Capacity building is the process of creating, improving and retaining core skills, knowledge and capabilities of an organization’s people and processes.

Capital

Capital refers to the assets that are owned by an entity and are available for use. Capital is usually described in terms of money, though can be an asset owned by an organization.

Cascading

The process of aligning the various KPIs, goals, and projects in an organization to the higher strategy. All actions taken should be contributing to a higher level goal or strategy.

Case study

A study containing qualitative data (such as observations and information drawn from interviews) about one subject. These studies are typically based on what is termed anecdotal evidence. A series of case studies can provide useful information that something of significance is happening that may merit further study.

Cause and Effect

The process of identifying the relationship between things or events. The purpose is to identify if one event or action caused another to occur.

Client

Anyone whose interests are served by an organization, or who receives or uses an organization’s resources or services. Clients can be internal to an organization, for example, one department may be the client of another department, or external to the organization.

Collaboration

To work together sharing ideas and resources, especially in a joint intellectual effort.

Corporation

A group of individuals legally empowered to transact business as one body.

Cost-benefit analysis

A management tool that involves calculating or estimating the monetary costs and potential benefits of a
proposed course of action.

Cost Leadership

Cost leadership is one of the three competitive strategies an organization may choose to focus on to gain a competitive advantage over their competitors. It requires the organisation to offer the lowest prices on
goods/services in the marketplace.

Critical success factor

The term used to describe an element that is required to achieve the business goals and vision.

Cultural competence

A set of values, behaviors, attitudes, and practices which enable people to work effectively across racial/ethnic and cultural lines.

Customer

The person(s), or organizations who use your output. Whether your customers are internal or
external to your organization, they use your output as an input to their work processes.

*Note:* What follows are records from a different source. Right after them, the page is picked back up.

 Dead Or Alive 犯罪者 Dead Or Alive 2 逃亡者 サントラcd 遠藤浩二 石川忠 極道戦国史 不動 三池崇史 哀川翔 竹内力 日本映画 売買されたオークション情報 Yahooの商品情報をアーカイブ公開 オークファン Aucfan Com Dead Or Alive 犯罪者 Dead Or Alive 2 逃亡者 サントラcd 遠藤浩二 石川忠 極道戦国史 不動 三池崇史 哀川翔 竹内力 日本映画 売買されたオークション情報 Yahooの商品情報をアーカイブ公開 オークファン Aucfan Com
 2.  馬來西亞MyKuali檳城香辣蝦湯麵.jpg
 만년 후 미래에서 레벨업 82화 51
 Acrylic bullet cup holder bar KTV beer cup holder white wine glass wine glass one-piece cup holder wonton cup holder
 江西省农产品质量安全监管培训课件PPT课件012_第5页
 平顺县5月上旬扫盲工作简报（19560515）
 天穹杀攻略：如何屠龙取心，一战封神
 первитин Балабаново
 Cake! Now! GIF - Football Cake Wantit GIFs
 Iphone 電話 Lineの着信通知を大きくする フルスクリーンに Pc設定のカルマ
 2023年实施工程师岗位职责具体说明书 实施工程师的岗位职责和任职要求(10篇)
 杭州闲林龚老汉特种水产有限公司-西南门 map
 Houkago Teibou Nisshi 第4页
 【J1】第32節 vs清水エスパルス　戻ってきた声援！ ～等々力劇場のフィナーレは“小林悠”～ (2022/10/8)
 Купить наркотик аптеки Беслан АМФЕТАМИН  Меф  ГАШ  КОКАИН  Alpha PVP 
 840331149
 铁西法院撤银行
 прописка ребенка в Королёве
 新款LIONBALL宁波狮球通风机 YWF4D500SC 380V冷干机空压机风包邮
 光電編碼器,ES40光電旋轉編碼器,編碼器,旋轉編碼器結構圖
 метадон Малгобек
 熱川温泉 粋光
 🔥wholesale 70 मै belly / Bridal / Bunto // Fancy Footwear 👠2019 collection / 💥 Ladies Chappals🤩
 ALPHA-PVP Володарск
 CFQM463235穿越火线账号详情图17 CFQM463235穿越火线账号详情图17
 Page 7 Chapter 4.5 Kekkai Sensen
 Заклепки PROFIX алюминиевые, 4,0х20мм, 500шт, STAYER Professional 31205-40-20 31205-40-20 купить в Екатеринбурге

Customer Value Proposition

Customer Value Proposition is the intended overall value and/or benefit a customer/stakeholderwill g ain from your product or service in return for its costs, including money, time and effort; a marketing statement that summarizes the tangible and intangible value of a particular offering helping the customer to understand why they might want to buy a product or use a service.

Customer Perspective

The external customer’s point of view on an organization, and the value they place on the product/services offered by the organization.

Change Management 

The application of a structured process and set of tools for leading the people side of change to achieve a desired outcome. 

Continuous Improvement 

A mindset and a practice of constantly re-examining and improving products, services or processes.

Core Values 

Fundamental beliefs, philosophies, principles or standards that define the organization’s character. They dictate correct behavior and guide the decisions and actions of an organization’s leaders and workforce.

Competitive Positioning

Competitive positioning is about defining how you’ll “differentiate” your offering and create value for your market. It’s about carving out a spot in the competitive landscape, putting your stake in the ground, and winning mindshare in the marketplace – being known for a certain “something.

Core Competency

Any area, factor, or consideration perceived by the customer that differentiates the organization
and provides for a competitive edge over its rivals.

Cross-functional

A process or activity that includes portions of the process or activity from two or more functions
within an organization

Conflicts of Interest

When a person could receive personal benefit from decisions they make in their official capacity.

Copyrights

Provide exclusive rights to the creators of original artistic works such as books, movies, songs, and screenplays.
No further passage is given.